The Shire of Healesville was a local government area about 60 km northeast of Melbourne, the state capital of Victoria, Australia. The shire covered an area of 466.20 km2, and existed from 1887 until 1994.

==History==

Healesville was first incorporated as a shire on 30 September 1887. It annexed parts of the Shire of Yea on 21 April 1925, and the Christmas Hills area of the Shire of Eltham on 18 June 1958, while losing land to the Shire of Alexandra on two occasions, 1 October 1963 and 1 October 1984.

Originally the Shire of Healesville included considerable territory over the Great Dividing Range from Healesville itself.

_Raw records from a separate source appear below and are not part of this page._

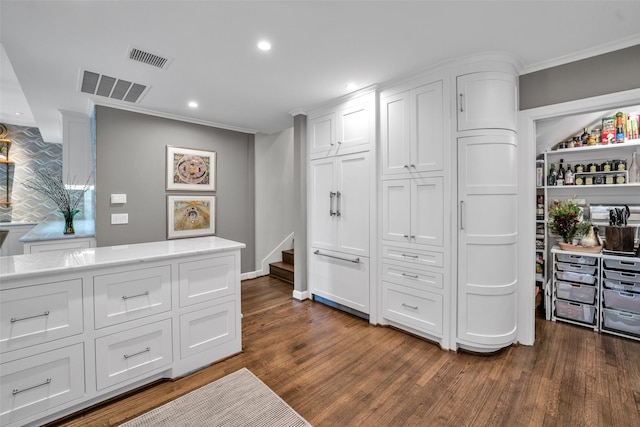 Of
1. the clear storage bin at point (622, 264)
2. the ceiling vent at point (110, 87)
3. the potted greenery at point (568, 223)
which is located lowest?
the clear storage bin at point (622, 264)

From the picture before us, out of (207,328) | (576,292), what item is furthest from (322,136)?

Buxton, Taggerty and Thornton were ceded to the Shire of Alexandra in 1963, while Marysville and Narbethong were not transferred until 1984.

On 15 December 1994, the Shire of Healesville was abolished, and along with the Shires of Lillydale and Upper Yarra, and parts of the Shire of Sherbrooke, was merged into the newly created Shire of Yarra Ranges.

==Wards==
From 1967, the Shire of Healesville was divided into four ridings:
- West Riding
- Town Riding
- North Riding
- East Riding (ceded to the Shire of Alexandra and Shire of Upper Yarra in 1984)

At the time of its dissolution, it was divided into three ridings, each of which elected three councillors:
- Badger Riding
- Sugarloaf Riding
- Watts Riding

==Suburbs and localities==
- Badger Creek
- Bend of Islands
- Castella
- Christmas Hills (shared with the Shire of Eltham)
- Chum Creek
- Dixons Creek
- Healesville*
- Narbethong
- Steels Creek
- Tarrawarra
- Toolangi
- Yarra Glen
- Yering

- Council seat.

==Population==

| Year | Population |
|---|---|
| 1954 | 5,168 |
| 1958 | 5,510* |
| 1961 | 5,941 |
| 1966 | 6,433 |
| 1971 | 6,410 |
| 1976 | 7,747 |
| 1981 | 9,418 |
| 1986 | 10,708 |
| 1991 | 11,755 |

- Estimate in the 1958 Victorian Year Book.